─── Material for this exercise ───

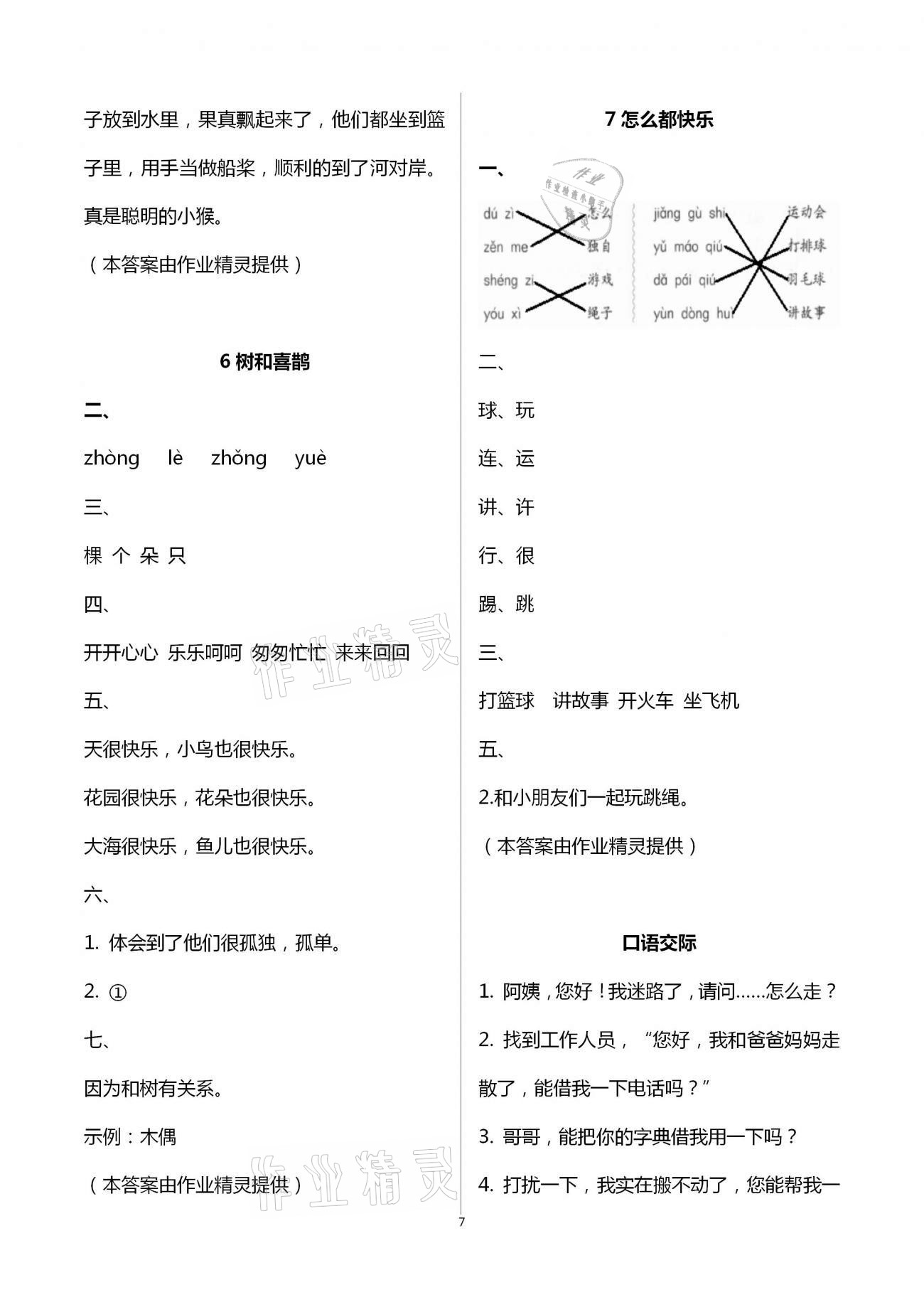 2021年学习与巩固一年级语文下册人教版 参考答案第7页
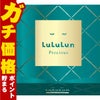 ルルルンプレシャスグリーン(バランス)4FB 32枚 GREEN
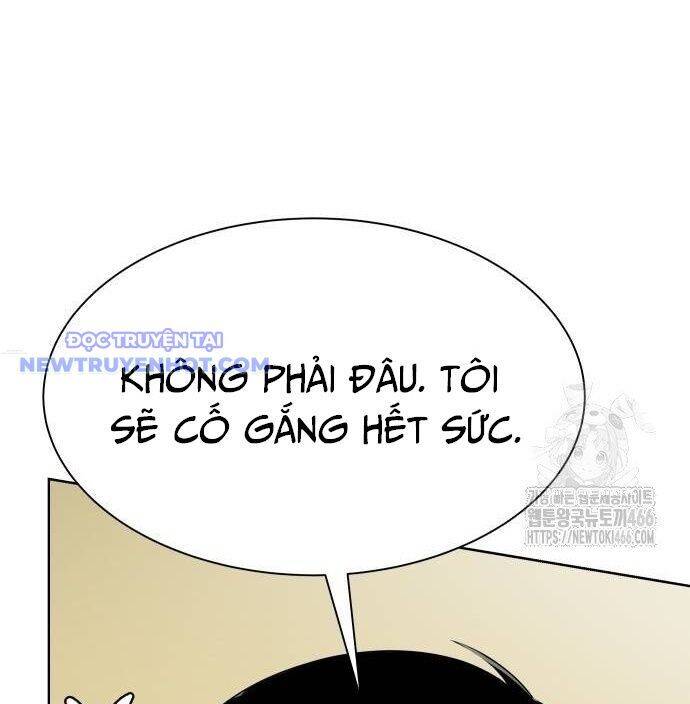 Từ Nhân Viên Vạn Năng Trở Thành Huyền Thoại: Chapter 68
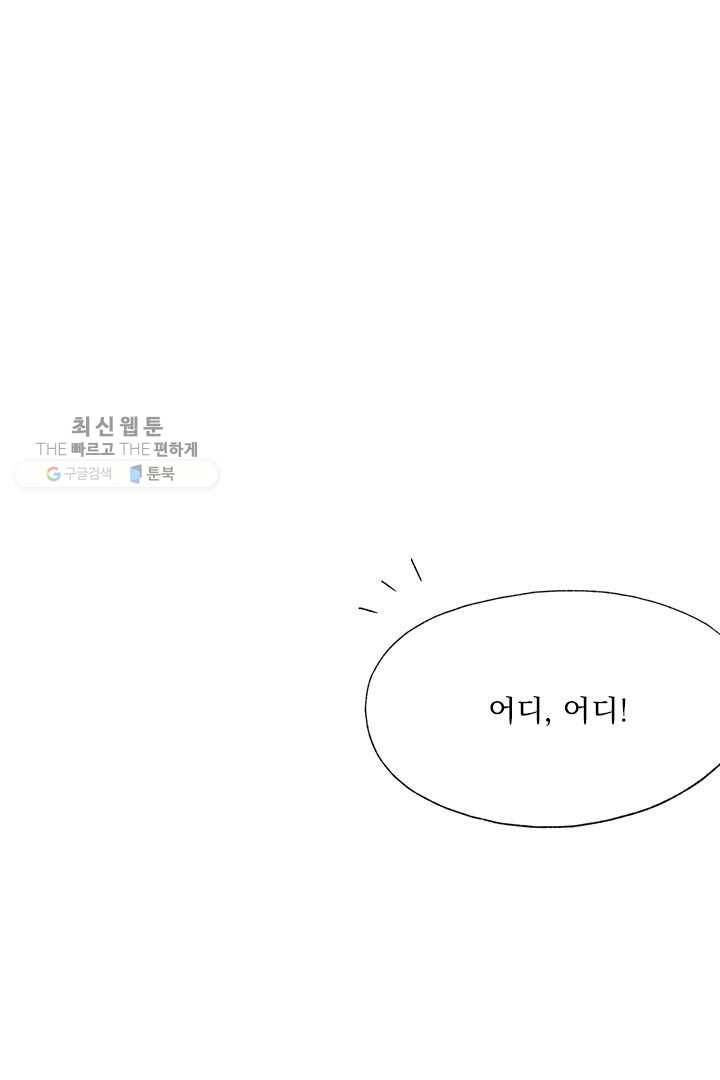 밀과 보리가 자란다 36화 41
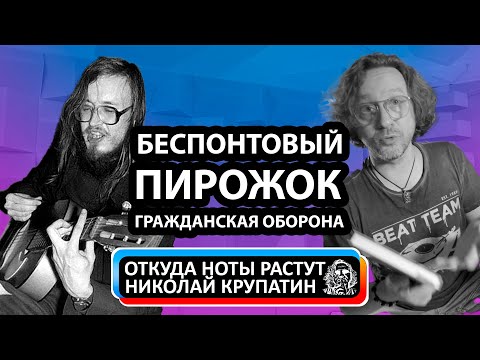 Видео: Почему Летов - Егор? И с чем был Беспонтовый Пирожок?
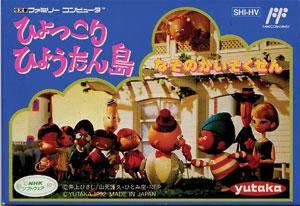 Hyokkori Hyoutanjima Famicom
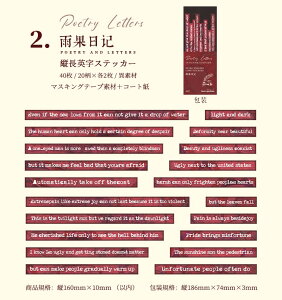 即日出荷 英語シール 英字 ステッカー 40枚 2種類紙質 異素材 文字 素材 シール 英語ステッカー 海外 コラージュ 素材 アルファベット 英文 マステシール コラージュ素材 ジャンクジャーナル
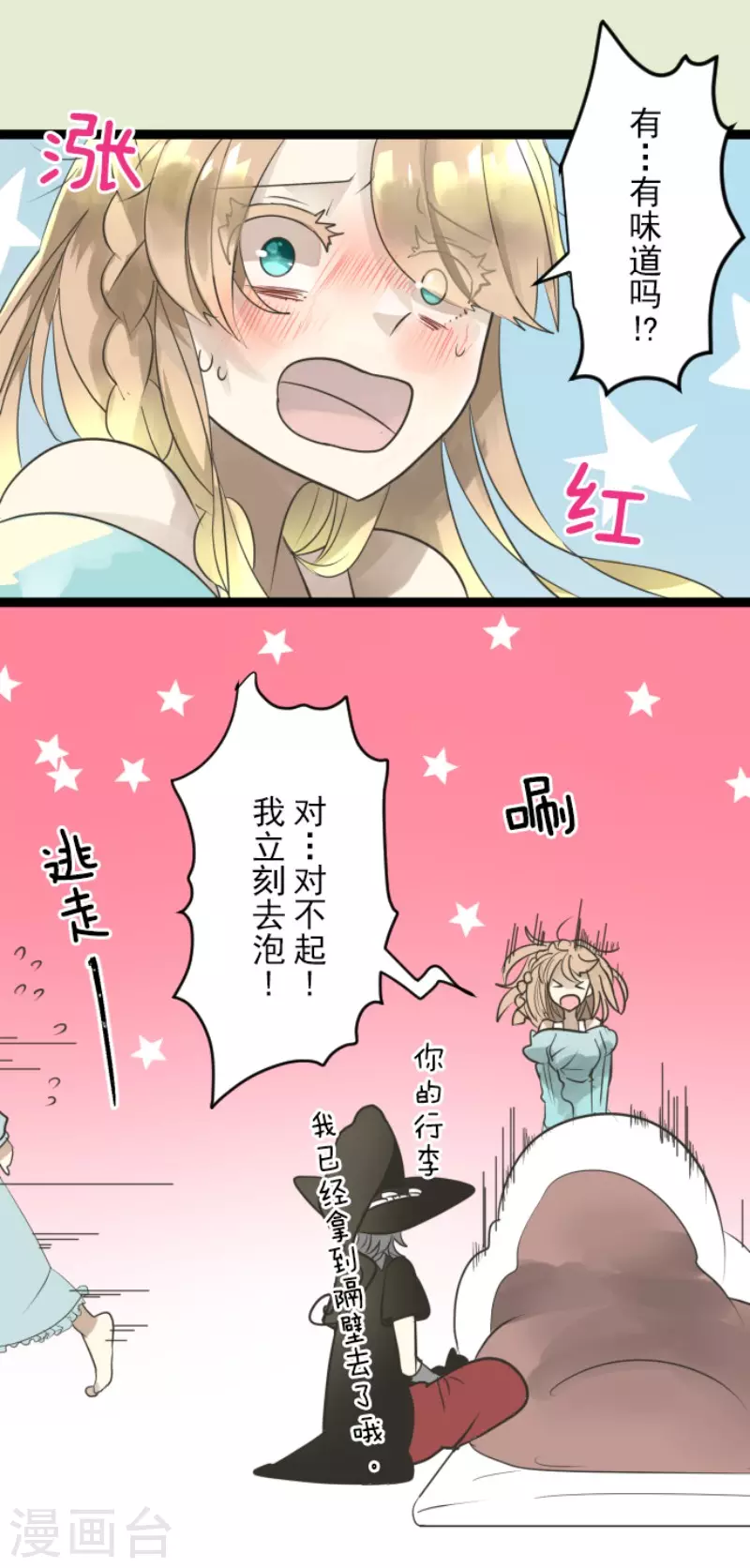 第123话心中的英雄-他和她的魔法契约-搜狐畅游（第11张）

───

■ **Task**
When you reach the line containing "Видео: Почему Летов" in the listing above, reproduce it and every line after it through the last, exactly; omit the pictures.

■ **Solution for this task**
 Видео: Почему Летов - Егор? И с чем был Беспонтовый Пирожок?
 Hyokkori Hyoutanjima Famicom
 即日出荷 英語シール 英字 ステッカー 40枚 2種類紙質 異素材 文字 素材 シール 英語ステッカー 海外 コラージュ 素材 アルファベット 英文 マステシール コラージュ素材 ジャンクジャーナル
 第123话心中的英雄-他和她的魔法契约-搜狐畅游（第11张）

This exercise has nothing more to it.